Subsequent iterations of the VA’s sensitive review guidance retained the same approach for potentially controversial or newsworthy requests. An October 2013 memorandum, for example, instructed agency components and program teams to clear FOIA responses and productions through centralized departmental FOIA offices. More alarmingly, a February 2014 memorandum reiterated the need for “consultation” with political leadership on requests of “substantial interest”—an ambiguous term that the agency failed to define at the time. Records obtained by CoA Institute, however, shed some more light on the meaning of “substantial interest” and how sensitive review continued to develop at the VA.
In May 2014, shortly after the issuance of the February memorandum, the VA distributed further guidance that defined a “Substantial Interest FOIA Request” to include, among other things, any request related to (1) threats to public health; (2) high profile local or national incidents involving the VA; or (3) allegations of waste, fraud, or abuse. Once a request of “substantial interest” was identified, no action would be taken by a program or field office without higher-level approval.
Following a trend that CoA Institute has identified at other agencies, the VA also started to require its FOIA officers to “flag” requests from the news media or members of Congress, regardless of whether they otherwise qualified as “substantial interest” requests. Although the VA described this practice as a form of “notification,” the agency’s guidance explicitly prohibited any FOIA response from issuing until “senior leadership” had been apprised of the proposed determination and only after departmental FOIA officials had signed-off. This “notification process”—which, in practice, may have involved political meddling in FOIA administration—remained substantively unchanged when it was reauthorized in August 2015 and, yet again, in August 2016.
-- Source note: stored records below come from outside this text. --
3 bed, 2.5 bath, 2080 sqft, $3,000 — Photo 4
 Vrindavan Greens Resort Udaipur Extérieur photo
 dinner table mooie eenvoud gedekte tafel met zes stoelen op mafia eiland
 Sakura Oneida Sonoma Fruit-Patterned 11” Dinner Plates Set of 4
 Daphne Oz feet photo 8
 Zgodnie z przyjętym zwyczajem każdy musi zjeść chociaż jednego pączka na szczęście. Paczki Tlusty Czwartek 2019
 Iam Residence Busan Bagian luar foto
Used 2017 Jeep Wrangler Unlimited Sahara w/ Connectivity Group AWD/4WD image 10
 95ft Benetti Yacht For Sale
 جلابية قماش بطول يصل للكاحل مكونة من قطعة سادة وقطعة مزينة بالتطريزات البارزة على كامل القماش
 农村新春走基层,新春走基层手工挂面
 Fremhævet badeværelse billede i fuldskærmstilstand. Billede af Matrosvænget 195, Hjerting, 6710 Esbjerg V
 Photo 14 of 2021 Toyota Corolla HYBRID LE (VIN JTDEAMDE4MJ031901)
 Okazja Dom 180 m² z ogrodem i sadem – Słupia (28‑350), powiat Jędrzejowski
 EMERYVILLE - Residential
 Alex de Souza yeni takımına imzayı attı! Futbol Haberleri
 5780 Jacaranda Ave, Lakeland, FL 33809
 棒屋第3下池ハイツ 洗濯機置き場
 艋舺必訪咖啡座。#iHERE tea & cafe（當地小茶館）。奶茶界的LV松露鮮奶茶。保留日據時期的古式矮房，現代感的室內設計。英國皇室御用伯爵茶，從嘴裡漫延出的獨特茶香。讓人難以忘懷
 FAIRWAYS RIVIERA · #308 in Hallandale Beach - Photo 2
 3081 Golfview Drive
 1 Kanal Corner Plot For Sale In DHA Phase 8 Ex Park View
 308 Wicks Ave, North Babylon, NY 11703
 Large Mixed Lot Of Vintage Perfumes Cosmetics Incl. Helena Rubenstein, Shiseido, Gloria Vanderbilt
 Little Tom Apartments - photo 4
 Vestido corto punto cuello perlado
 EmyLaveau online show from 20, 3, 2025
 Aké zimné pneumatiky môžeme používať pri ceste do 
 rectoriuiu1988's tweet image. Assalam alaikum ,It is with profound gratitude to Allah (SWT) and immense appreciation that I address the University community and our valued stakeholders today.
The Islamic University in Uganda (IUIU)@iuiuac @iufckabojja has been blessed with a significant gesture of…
It is more difficult to gauge how sensitive review has continued to develop at the VA. CoA Institute has filed four separate administrative appeals on its original FOIA request seeking records about the practice, but the agency has been slow to produce anything from the past few years. But the few records obtained by CoA Institute nevertheless suggest that “sensitive review” remains in place. Indeed, an especially revealing email from June 2017 confirms that the VA maintains a “Substantial Interest (SI) FOIA clearance process.” The agency schedules weekly conference calls about “sensitive” requests and circulates weekly reports with tracking spreadsheets. These developments show that the VA’s sensitive review process has been systematized and become a regular part of FOIA administration in the Trump Administration.
Although the “substantial interest” review process is not supposed to take “more than a week”—and is for “situational awareness” purposes only—agency components are still expected to provide copies of responsive records for departmental-level review. And the failure of the front FOIA office to act on a request, or to provide feedback, can lead to a further delay on a “case by case” basis. That seems to contradict information found in a September 2018 VA training presentation, which suggested that sensitive review is not intended to “impact any processing or release of responsive records.” Unfortunately, based on the best publicly available information, sensitive review at the VA seems as problematic as ever.